Marriage--Federal or State?

Is marriage a state issue or a federal issue?

That question is decisively answered by the Tenth Amendment to the Constitution:

The powers not delegated to the United States by the Constitution, nor prohibited by it to the states, are reserved to the states respectively, or to the people.

The Constitution does not mention marriage in any way, shape or form. It does not give regulation of marriage to Congress, nor to the states, nor does it forbid the states to do anything about it. Therefore, it is a reserved power for the states.

And so every state in the union has laws on their books on marriage license requirements.

Now…is gay marriage a federal matter or a state matter?

Under the Constitution, as we’ve just discussed, that matter rests with the STATE. Civil unions are not mentioned either, so that falls under the jurisdiction of the states too.

Not so fast…they’re trying to tamper with the Constitution again. It’s not one side or the other this time, it’s both sides. The conservatives are trying to ban gay marriage via a Constitutional Amendment, and the liberals are trying to get the federal courts to overrule states who have banned gay marriage inside their borders.

My advice would be for the big government to leave the little governments alone. I do not support gay “marriage”, but I like the weakening of the Constitution even less.

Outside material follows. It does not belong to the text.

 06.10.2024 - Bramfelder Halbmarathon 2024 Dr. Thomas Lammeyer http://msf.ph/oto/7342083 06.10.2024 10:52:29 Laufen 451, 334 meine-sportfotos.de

If a case reaches a state Supreme Court, it should stop there. It’s a reserved power, no matter what activist judges say. Federal judges ought to keep their noses out of it, but both sides want the last word, so they take it up to the federal level if they lose on the state level. What they ought to do is put it on the ballot!

Some people think that if they litigate it enough, they’ll find a sympathetic judge eventually. They ought to pay the entire bill for the process and not dump it on the taxpayers.